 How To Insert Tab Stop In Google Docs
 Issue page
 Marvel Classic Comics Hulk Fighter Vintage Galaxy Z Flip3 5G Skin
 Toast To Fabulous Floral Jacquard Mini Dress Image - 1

....................

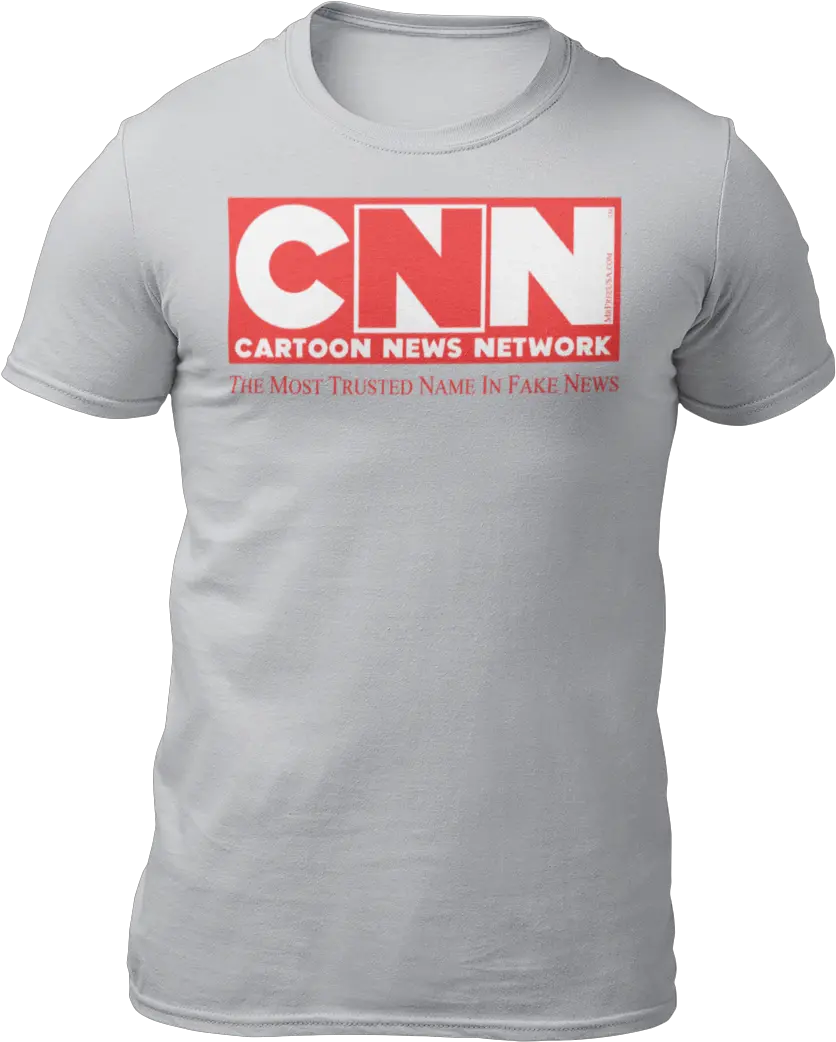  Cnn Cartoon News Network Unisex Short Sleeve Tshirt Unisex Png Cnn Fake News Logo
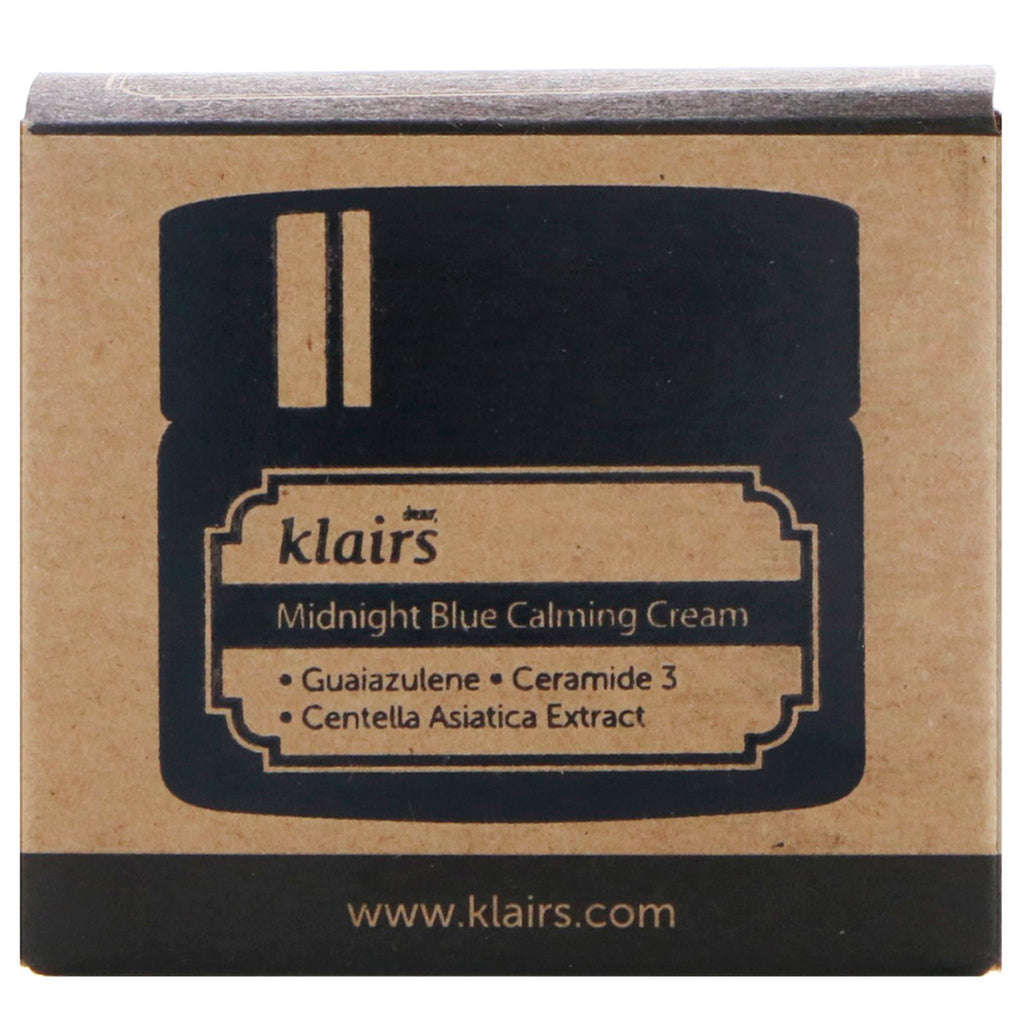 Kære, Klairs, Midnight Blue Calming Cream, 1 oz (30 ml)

....................

**GOAL OF THE EXERCISE:** All lines in the listing above between the line with "Marvel Classic Comics" and the line with "Toast To Fabulous", inclusive, should be set down exactly, and no line outside that range.

**THE ANSWER:**
 Marvel Classic Comics Hulk Fighter Vintage Galaxy Z Flip3 5G Skin
 Toast To Fabulous Floral Jacquard Mini Dress Image - 1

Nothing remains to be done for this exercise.